Things that did not work well:

- Using a fixed approximation for encoding cost is bad.  It's really important to know how many bits I am saving with each LZ match.  While the new LZ encoding matches everything it can regardless of how far away, it does a lousy job sometimes knowing when to do it at the moment.  The result is some files are fantastically better compressed and others are slightly worse.  To do a good job, I need to get approximate residuals from the RGBA data and base my decisions more closely on actual number of bits it takes to represent each pixel.

- Using all three channels (YUV) to encode LZ matches.  The RLE zero encoder built into the RGBA compressor is a great thing and I was worried that interrupting runs of zeroes with LZ matches would hurt compression ratio.  So I tried injecting fake zeroes and skipping on to the next channel (U or V) to drop the LZ length match.  Spreading it across all 3 channels made the compression worse.

- Using U or V channel in some cases.  This did not affect the compression by more than a fraction of a percent.  Not worth the complexity.

- Removing it from YUV completely and adding a skip value into the stream that would contain the offset to the next LZ match.  I was thinking maybe since a lot of file compressors do it this way it would work out.  Not so much.

I also experimented with adding more escape symbols to the entropy encoder.  These things failed to help:

- Adding a "same as last" symbol to stand in for symbols other than zeroes.  I expected this would help but no dice.

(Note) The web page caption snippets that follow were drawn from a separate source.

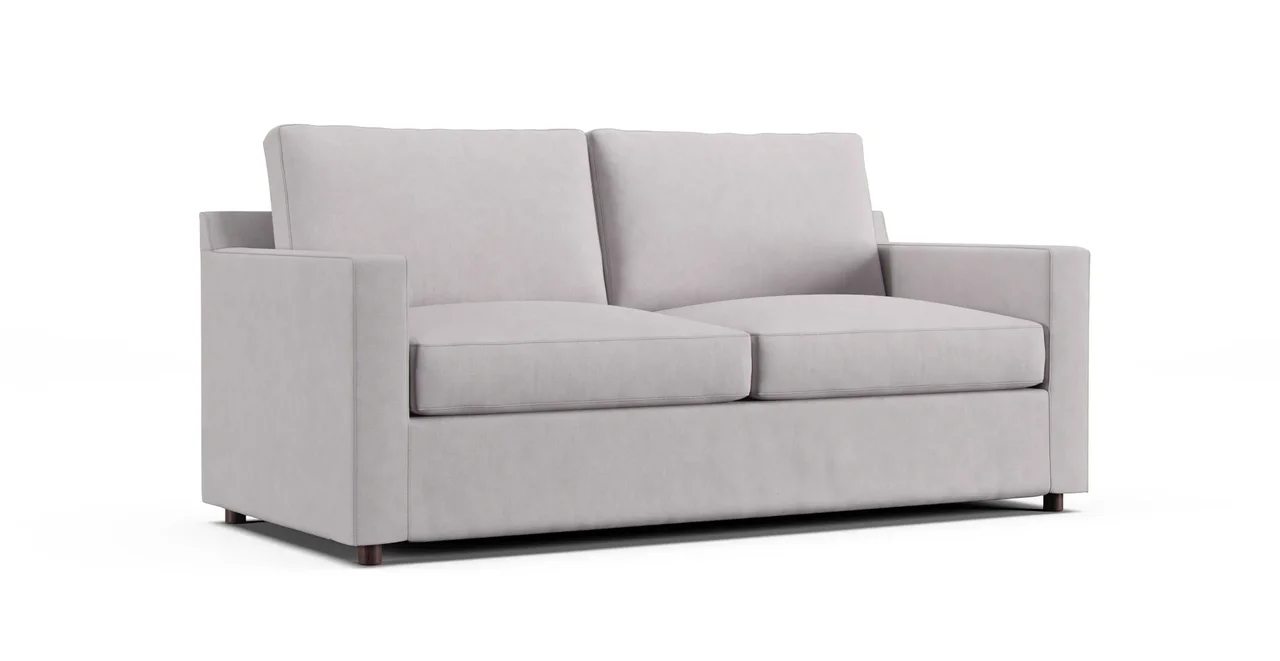 Bezug Barrett Queen Schlafsofa - Everyday Weave Pebble
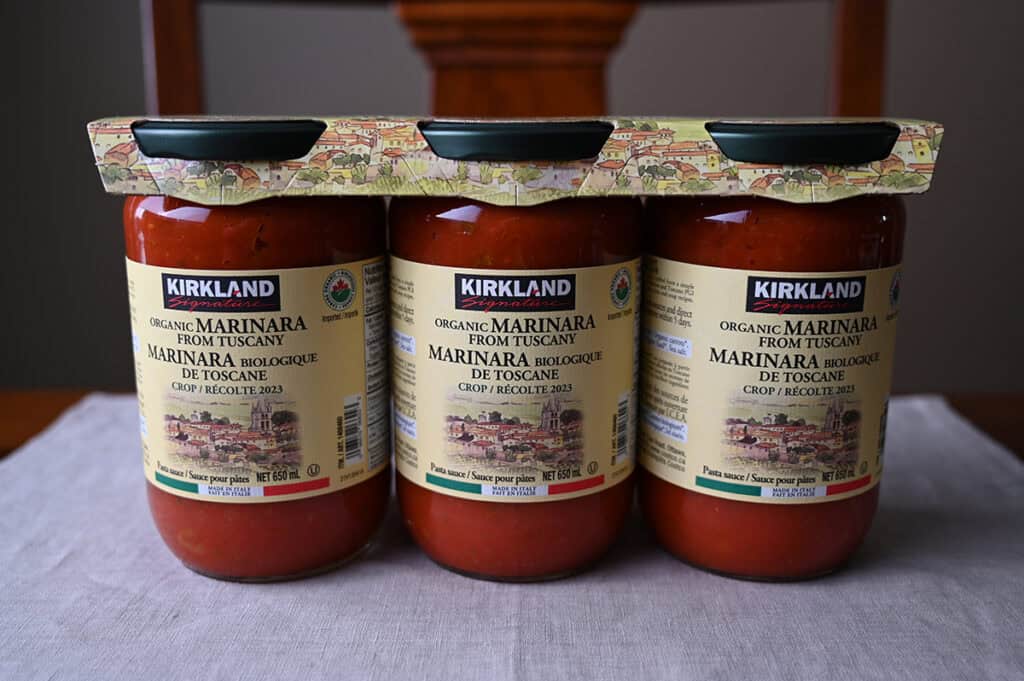 Costco Kirkland Signature Organic Marinara from Tuscany Review
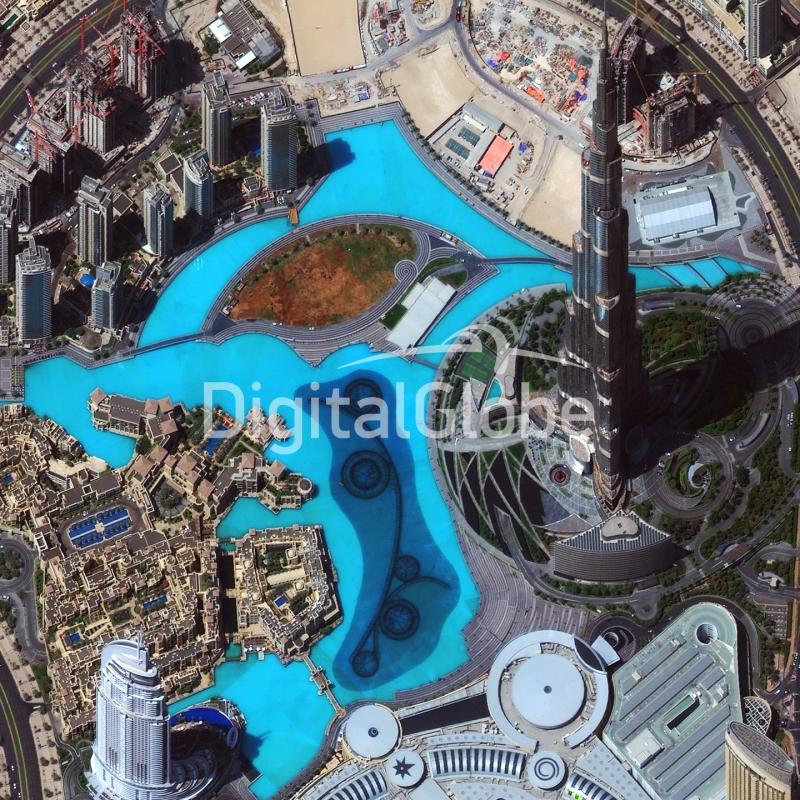 Burj Khalifa Highest Building in the world - Dubai,2012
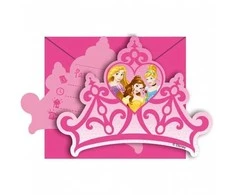 Globos Europe Bv Disney princesių kvietimai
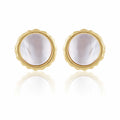 Gwen Mother of Pearl Stud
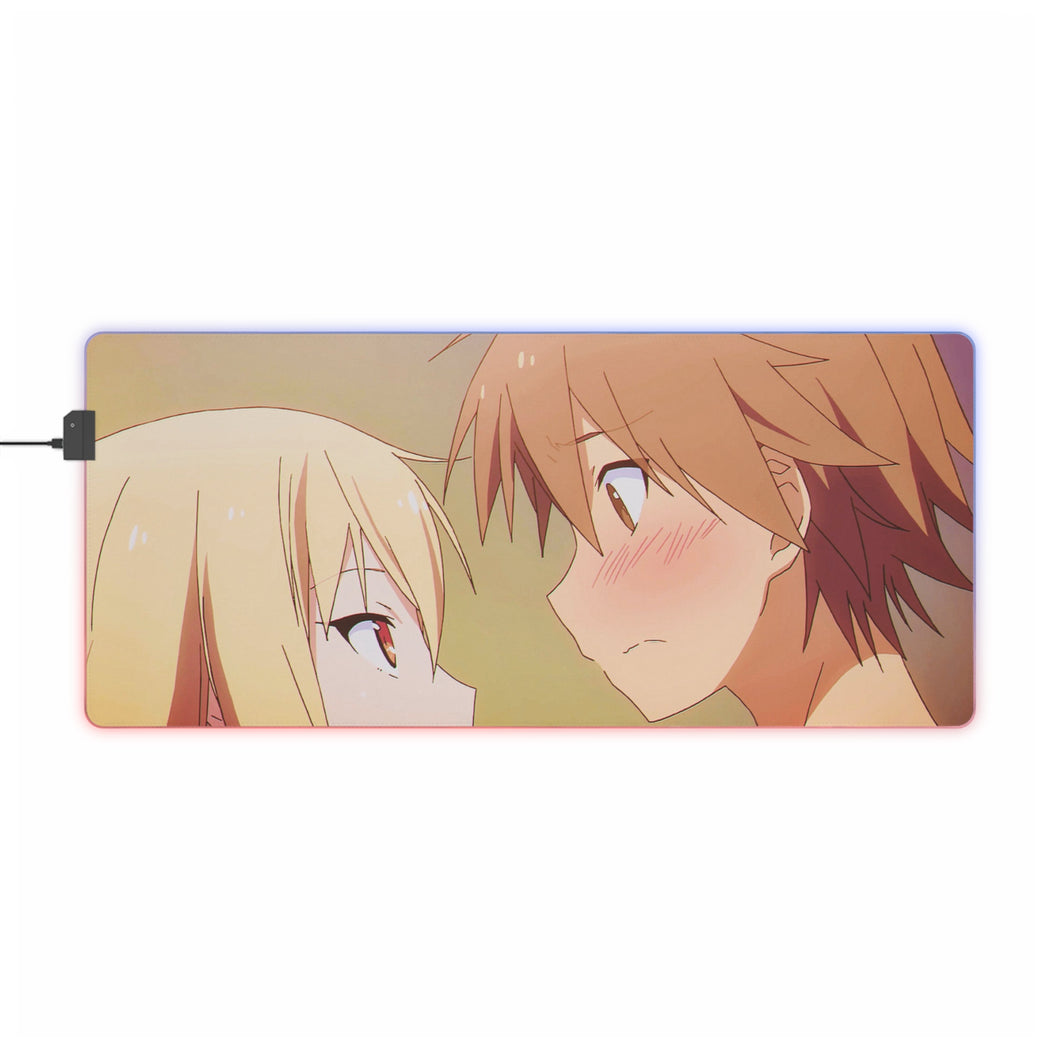 Sakurasou No Pet Na Kanojo RGB LED Mouse Pad (Desk Mat)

- Changing the 128 zRLE symbols to mean "repeat last symbol N times".  This was pretty bad.

So yeah today was pretty bad for compression improvements, but at least I don't need to wonder if I could have done it better.

Some more things to try that will probably fail too:

+ Add another bit of information to the LZ length encoding, which indicates that another LZ match immediately follows.  Use a separate set of encoders for the next length and distance.  I see this being good for a couple of reasons: The next length encoding can be much shorter.  And the statistics of follow-up matches may be very different from other types of matches so it's good to separate them.

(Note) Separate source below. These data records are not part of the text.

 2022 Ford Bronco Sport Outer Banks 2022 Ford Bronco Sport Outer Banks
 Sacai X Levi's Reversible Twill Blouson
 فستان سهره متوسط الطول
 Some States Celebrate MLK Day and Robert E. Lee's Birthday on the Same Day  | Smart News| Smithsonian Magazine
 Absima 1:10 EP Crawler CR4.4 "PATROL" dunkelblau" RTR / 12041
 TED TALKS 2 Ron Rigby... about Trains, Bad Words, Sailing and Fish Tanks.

+ Encode the low bits of the distance with another Huffman code.

+ Encode the low bits of the length with another Huffman code and use the Y-channel escape codes for representing some distance shortcuts.

+ Include one of the high bits of the distance and length in the leading codes.

So the new encoding would be:

Y-Channel Escapes:

(1) Same as distance -1
(2) Same as distance -2
(3) Same as distance -3
(4) Same as distance -4
(5) Literal distance 1
(6) Literal distance 2 (almost never used really)
(7) Literal distance 3
(8...12) Literal distance 8
(13) Local region encoding follows
(14) Global offset encoding follows

Local region encoding is about 128 nearby x,y points; each one is a Huffman code.

Global offset encodes 256 symbols for the high bits and sends the rest as literal bits.  The low 8 bits are Huffman encoded also.

This is followed by a length code:

Huffman code with 128 symbols for lengths 2...65 and extra bits for up to 256.  And another set of 128 symbols that mean the same thing, except that it also indicates an LZ match follows.

The following LZ match uses a distance encoding where (13) and (14) above are merged into the code, and the length encoding is done the same way but with a different table.